D’autres symptômes sont également possibles :

  • inflammation des tendons (tendinite) ;

  • inflammation des articulations entre le sacrum et le bassin (articulations sacro-iliaques) ;

  • inflammation de l'urètre (urétrite) ;

  • inflammation du gland (balanite) ;

  • inflammation de la conjonctive des yeux (conjonctivite) ;

  • inflammation de l’uvée des yeux (uvéite) ;

  • inflammation sous forme de boules sous la peau (érythème noueux).

L'inflammation des articulations disparaît généralement en 6 mois. Sur 100 personnes touchées par une arthrite réactionnelle, 15 personnes développeront une arthrite persistante. C'est plus souvent le cas après une infection urinaire ou génitale.

Le syndrome oculo-urétro-synovial (syndrome de Reiter) est une forme particulière d'arthrite réactionnelle. On retrouve une inflammation des yeux et des organes génitaux mais également de petites plaques rouges au niveau de la peau (éruption cutanée) qui pèlent (desquamation).

Comment votre médecin pose-t-il le diagnostic d’arthrite réactionnelle ?

Votre médecin pensera à une arthrite réactionnelle devant la combinaison des symptômes.

En fonction de cela, les examens suivants sont possibles :

  • examen des selles ;

  • examen des urines ;

  • examen des sécrétions du pénis ou du vagin ;

  • prise de sang pour mesurer l’inflammation, rechercher des signes d’infection (par exemple, des anticorps dirigés contre les bactéries), et éventuellement rechercher le HLA-B2 ;

  • électrocardiogramme (ECG) pour vérifier s'il y a une inflammation au niveau du cœur ;

  • radiographie du thorax.

Les radiographies des articulations sont généralement normales au début de la maladie.

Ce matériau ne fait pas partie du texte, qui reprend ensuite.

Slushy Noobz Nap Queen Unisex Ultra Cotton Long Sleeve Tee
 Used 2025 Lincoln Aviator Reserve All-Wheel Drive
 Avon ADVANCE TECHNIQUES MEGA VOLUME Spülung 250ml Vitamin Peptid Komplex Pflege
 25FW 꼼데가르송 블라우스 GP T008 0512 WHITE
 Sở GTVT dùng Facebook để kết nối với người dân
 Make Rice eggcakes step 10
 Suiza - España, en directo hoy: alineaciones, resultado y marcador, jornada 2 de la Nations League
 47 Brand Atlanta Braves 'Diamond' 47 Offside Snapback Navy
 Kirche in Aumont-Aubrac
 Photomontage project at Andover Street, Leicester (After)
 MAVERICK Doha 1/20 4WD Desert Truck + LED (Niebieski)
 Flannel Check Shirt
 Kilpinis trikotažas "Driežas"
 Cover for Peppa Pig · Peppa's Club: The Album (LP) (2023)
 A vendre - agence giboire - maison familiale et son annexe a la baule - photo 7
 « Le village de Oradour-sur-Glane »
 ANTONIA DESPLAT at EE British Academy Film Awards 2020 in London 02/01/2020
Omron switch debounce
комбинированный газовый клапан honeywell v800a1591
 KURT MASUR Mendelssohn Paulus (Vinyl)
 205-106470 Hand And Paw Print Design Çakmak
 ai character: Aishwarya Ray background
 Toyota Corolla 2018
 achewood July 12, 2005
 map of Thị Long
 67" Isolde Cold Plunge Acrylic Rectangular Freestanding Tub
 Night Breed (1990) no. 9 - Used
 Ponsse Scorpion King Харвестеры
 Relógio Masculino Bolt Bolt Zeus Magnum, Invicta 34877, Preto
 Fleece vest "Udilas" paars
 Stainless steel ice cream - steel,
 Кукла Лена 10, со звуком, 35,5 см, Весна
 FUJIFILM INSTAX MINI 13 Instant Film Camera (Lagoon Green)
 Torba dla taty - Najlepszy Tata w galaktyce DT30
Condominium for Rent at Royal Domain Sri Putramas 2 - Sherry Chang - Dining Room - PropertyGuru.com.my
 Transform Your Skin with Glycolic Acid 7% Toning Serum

Une ponction de l'articulation enflammée peut être effectuée pour prélever du liquide synovial. Ce liquide est envoyé au laboratoire pour des examens complémentaires. On ne retrouve généralement pas de bactéries dans le liquide synovial.

Comment prévenir l’arthrite réactionnelle ?

Les infections sexuellement transmissibles (IST) comme le chlamydia et la gonorrhée, peuvent être évitées en utilisant un préservatif lors des rapports sexuels.

Si vous avez malgré tout attrapé une infection, prévenez votre partenaire pour qu’il puisse lui aussi se faire tester.

En ce qui concerne les infections gastro-intestinales (Salmonella, Campylobacter), respectez les règles d’hygiène lorsque vous cuisinez et faites bien cuire votre viande.

Que peut faire votre médecin ?

Si l’infection responsable est une infection sexuellement transmissible (IST), elle est traitée par des antibiotiques. Les autres bactéries en cause, intestinales par exemple, ne doivent pas nécessairement être traités avec des antibiotiques.

Les médicaments anti-inflammatoires (ibuprofène ou naproxène par exemple) et le repos favorisent la guérison de l'inflammation des articulations. Si une seule articulation est enflammée, on peut y injecter de la cortisone (infiltration). En cas d'arthrite réactionnelle prononcée, la cortisone peut également être prise par voie orale (par la bouche). La kinésithérapie peut aider à maintenir la force musculaire et la mobilité de l'articulation.

Si les symptômes persistent, un traitement par des médicaments antirhumatismaux sera commencé. Si nécessaire, votre médecin peut vous adresser à un spécialiste de l’appareil locomoteur (rhumatologue).